While his scooters represented typical middle-class ambitions during the Amol Palekar-Farooq Shaikh years, Bajaj deserves credit for staying focused on the road ahead. In the mid-1980s, Bajaj Auto partnered with Kawasaki to produce motorcycles alongside Hero-Honda and TVS-Suzuki. In 1990, it released the Bajaj Sunny, a 50cc single-gear scooter aimed at 16-18-year-olds who couldn’t handle bigger scooters or bikes. When his son Rajiv decided to leave the scooter section in 2009, it hurt him. In retrospect, the senior Bajaj may not have been entirely incorrect. The former king of scooters could not participate in the gearless scooter revolution spearheaded by Honda Activa and TVS Jupiter. Unlike the older “family” scooters, these catered to individual purchasers, notably women, who desired mobility. Rajiv did, however, make Bajaj Auto the second-largest motorcycle company in India and the third-largest motorbike producer in the world. Sanjiv, the other son, has built Bajaj Finserv into a significant financial services company with a market capitalization that exceeds that of Bajaj Auto.

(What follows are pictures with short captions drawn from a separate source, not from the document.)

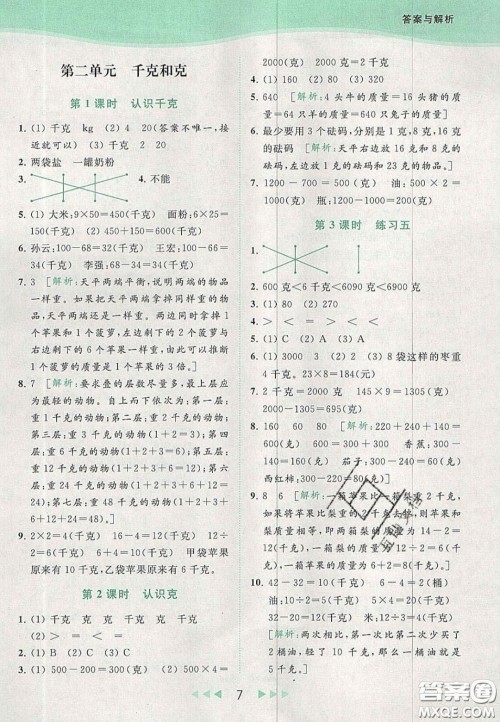 北京教育出版社2020年亮点给力提优课时作业本三年级数学上册江苏版答案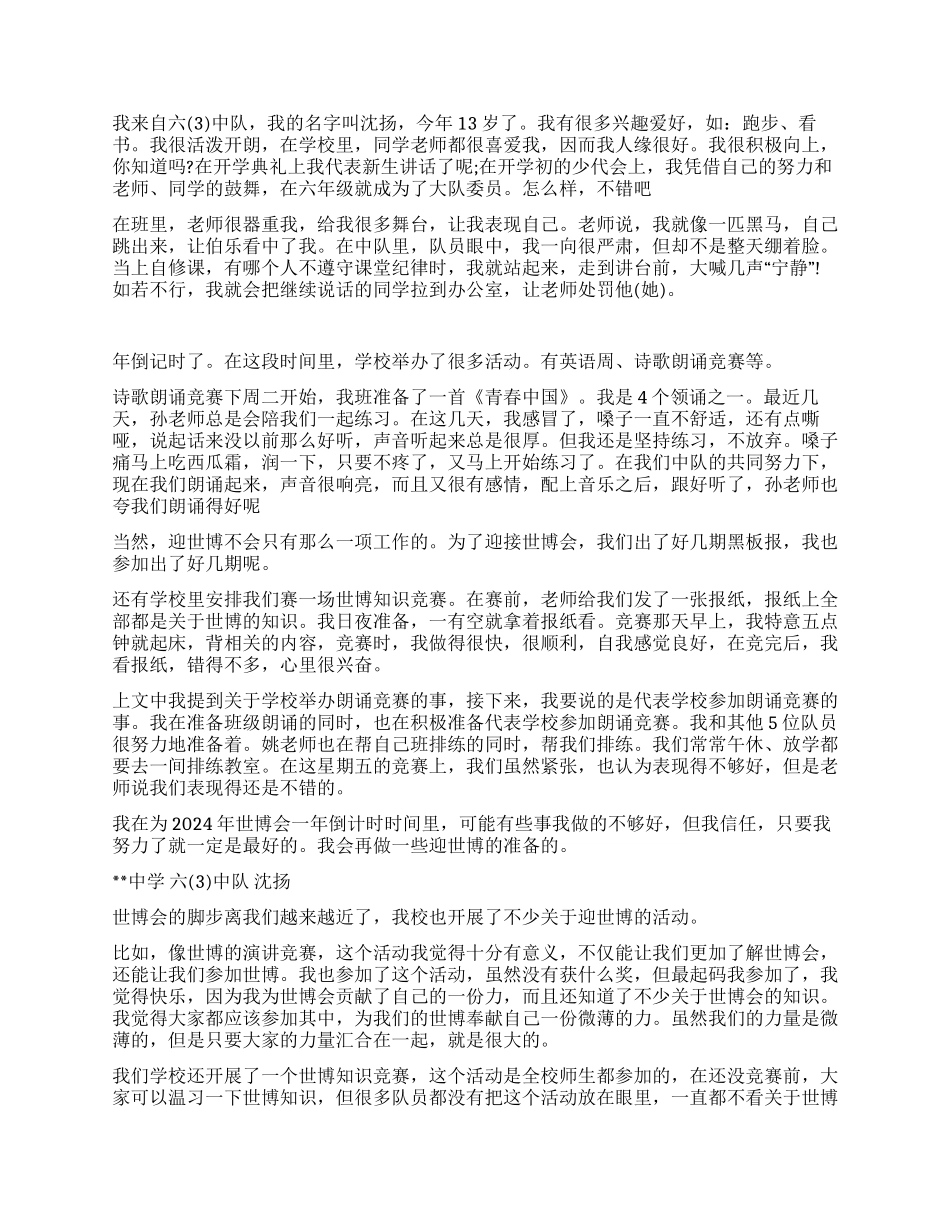 2024年“中学生与世博共成长优秀演讲稿_第2页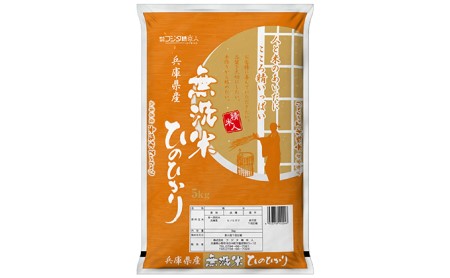 新米 令和5年産 兵庫県産コシヒカリ、ヒノヒカリ、キヌヒカリ 3点セット 15kg(無洗米)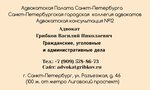 Адвокат Грибков Василий Николаевич (Разъезжая ул., 46Б, Санкт-Петербург), адвокаты в Санкт‑Петербурге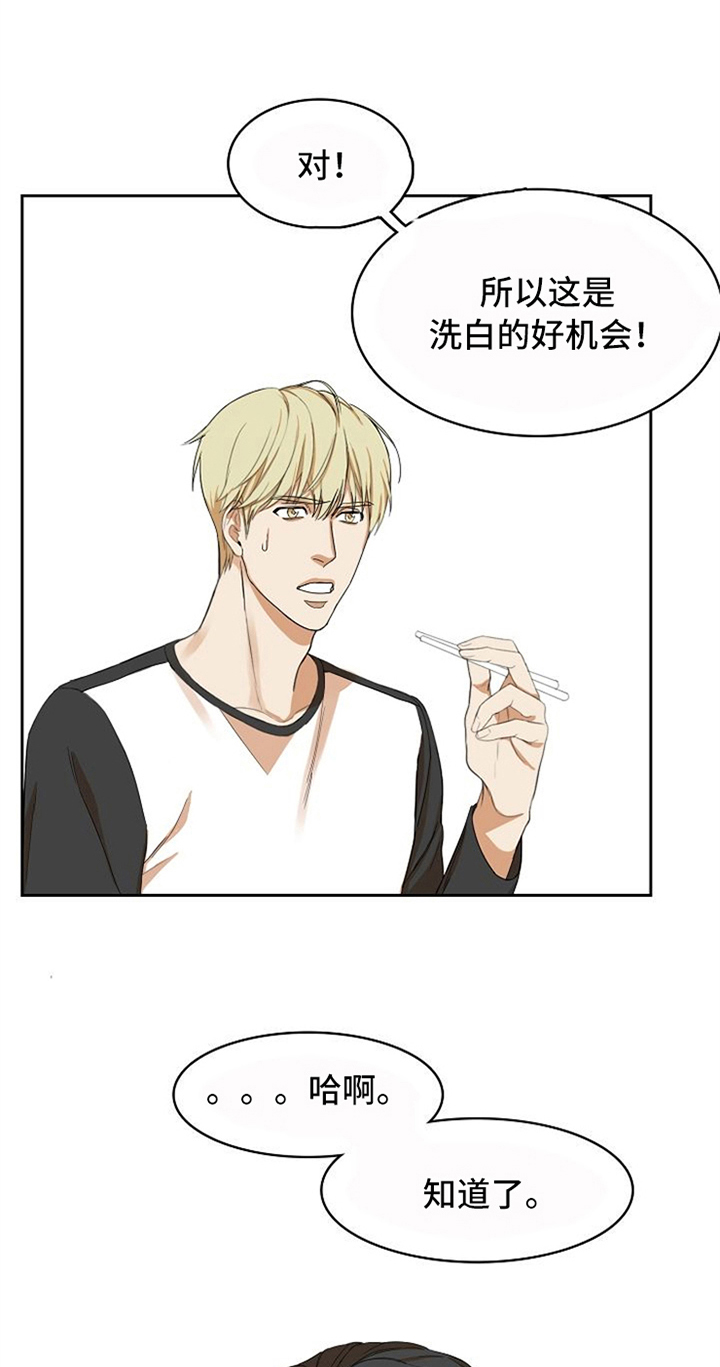 愈合灵漫画,第13章：针对1图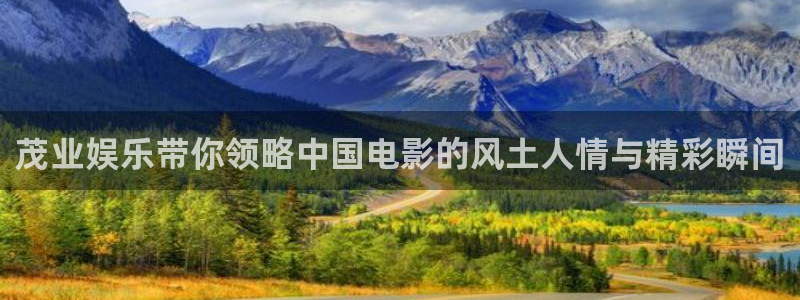 one游戏：茂业娱乐带你领略中国电影的风土人情与精彩瞬间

Rahul Bajaj will be remembered as a man who voiced his thoughts — not only to his son but also to then-finance minister Manmohan Singh and current home minister Amit Shah as a Bombay Club member. When he warned the latter about the need to create an environment in which businessmen could “openly criticize” the government while still being respected, he expressed a concern that few of his peers dared to articulate. It was a concern of a man who firmly believed in “Make in India,” understood the necessity of embracing global industry best practices, and stayed true to his craft without branching out into other ventures.